No wonder that some historians have seen the recent US elections as the most consequential since the German presidential elections of 1932. 

Our best writers have illustrated the price a populace pays for entering such an agreement. In his timeless tragedy, 'MacBeth', Shakespeare laid bare the anatomy of such leaders, men whose 'vaulting ambition o'erleaps itself' and whose exercise of power is delivered with the explicit or tacit collusion of their followers.

MacBeth, a man animated by an insatiable desire for power, and who refused to recognise the legitimate authority in the land, is driven to deceive and murder the sitting king of Scotland. To cover his tracks, and cement his victory, he must execute a string of additional murders. By sheer force of character and - like Faust - after consulting demonic figures, MacBeth moves from one act of evil to the next, all the while demanding slavish loyalty from his court.

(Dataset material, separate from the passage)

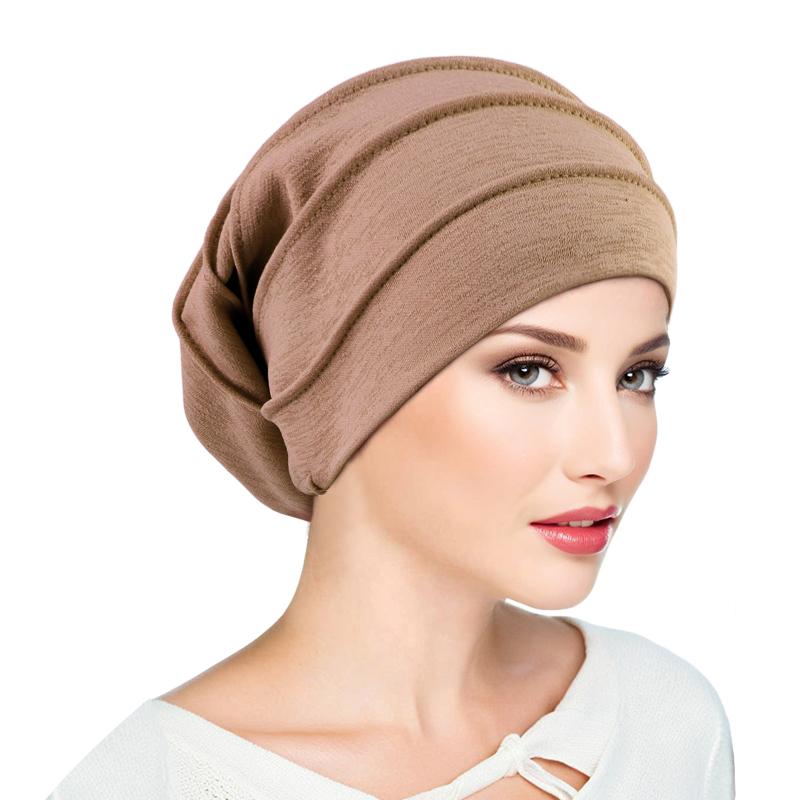 Muslim Women Stretch Sleep Chemo Hat Cotton Beanie Sleep Hijab Turban Headwear Cap Head Wrap for Cancer Hair Loss Accessories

Eventually, spurred by their repugnance and horror at MacBeth's deeds, the opposition coalesces against the tyrant: he is held accountable for his crimes and brought to account.

In these fictional narratives, Goethe and Shakespeare invite their audience to contrast the better angels of their nature with the seductive demons that may beset them - loyalty to a leader who may deceive, lie, or establish tyrannical power over them. Since WWII, there has been little doubt that in the West, at least, these better angels have been in the ascendancy.

What is astonishing and unprecedented in post-war history, is that a major Western power, a nation looked to as a beacon of democracy around the world, has come so close to stepping out of that arena and into the realm of chaos.